The government is under mounting pressure to take strong action on rising energy bills after one of the “big six” suppliers imposed its second price hike this year on 1.5 million customers.
The consumer group Which? urged Theresa May to step in if energy groups, which have made a series of tariff increases in 2017, do not help households circumvent the steepest increases.
EDF announced on Wednesday that customers on its dual fuel standard tariff – for accounts taking both electricity and gas – would pay 7.2% or £78 more a year from June. It follows an increase of 1.2% in March and will bring the average annual household bill under EDF to £1,160.
The move by the energy group, which is 85% French state owned, adds to the pressure on the prime minister to take action after she warned in March that the market was “manifestly not working for all consumers”.
Alex Neill, director of home products and services at Which?, said: “Millions are continuing to suffer due to a lack of competition in the energy market.

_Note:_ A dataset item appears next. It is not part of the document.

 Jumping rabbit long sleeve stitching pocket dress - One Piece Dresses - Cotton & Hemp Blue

If energy companies fail to properly engage with their customers to help them find better deals, then the government and the regulator must step in.”
A government spokesman said: “It’s another sign the market isn’t working, and we will shortly set out proposals to help energy consumers as part of the government’s Plan for Britain.” The government’s plans are expected to be published later this month.

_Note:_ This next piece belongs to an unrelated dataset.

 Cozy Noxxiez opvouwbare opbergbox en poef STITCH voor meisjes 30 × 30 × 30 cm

EDF blamed the increase on rising wholesale energy costs and government policies that have to be paid for by consumer bills, which include schemes to alleviate fuel poverty and support low carbon power.
Of the big six energy companies – EDF, British Gas, E.ON, npower, ScottishPower and SSE – five have raised their prices in recent months, with only British Gas promising to freeze them until August.

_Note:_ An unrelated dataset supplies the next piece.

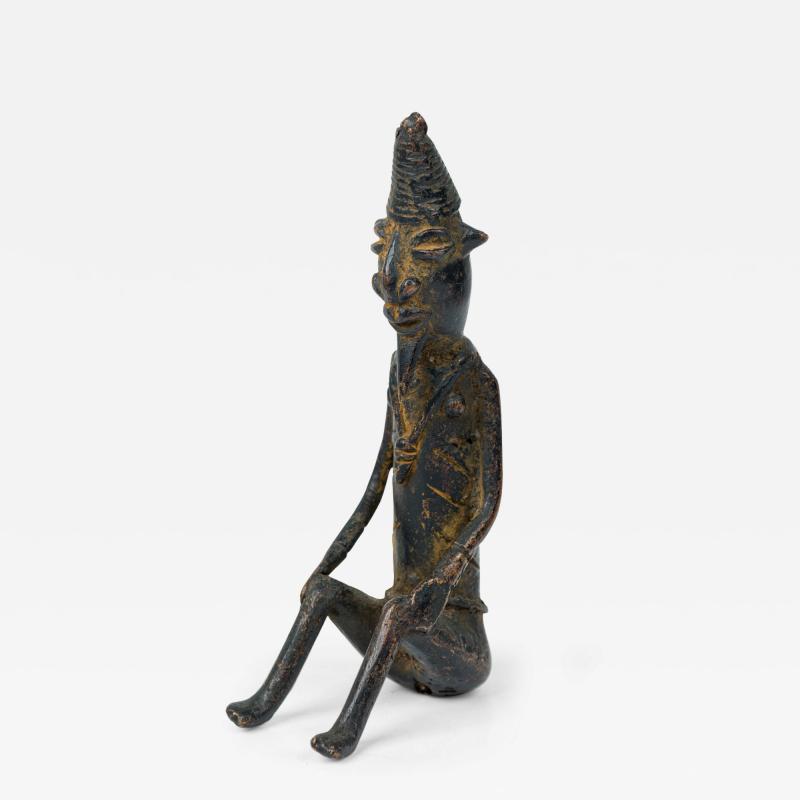 African Mali Late 20th Century Bronze Dogon Seated Village Elder Male Figure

The increases have fuelled calls for a price cap to help struggling bill payers, which has prompted warnings from energy bosses that such a move would hurt competition and consumers. The prime minister recently put suppliers on notice when she said she was planning to take action, though what form that will take is not yet clear.
“Energy is not a luxury,” she told the Conservative spring conference in March. “It is a necessity of life. But it is clear to me – and to anyone who looks at it – that the market is not working as it should.”
Vincent de Rivaz, EDF’s chief executive, said: “I know that price rises are never welcome, but the industry is facing significant cost increases.”
On the prospect of imminent government intervention, he added: “We accept that the government, regulators and consumer groups have concerns about the way markets work for customers, particularly the energy market.”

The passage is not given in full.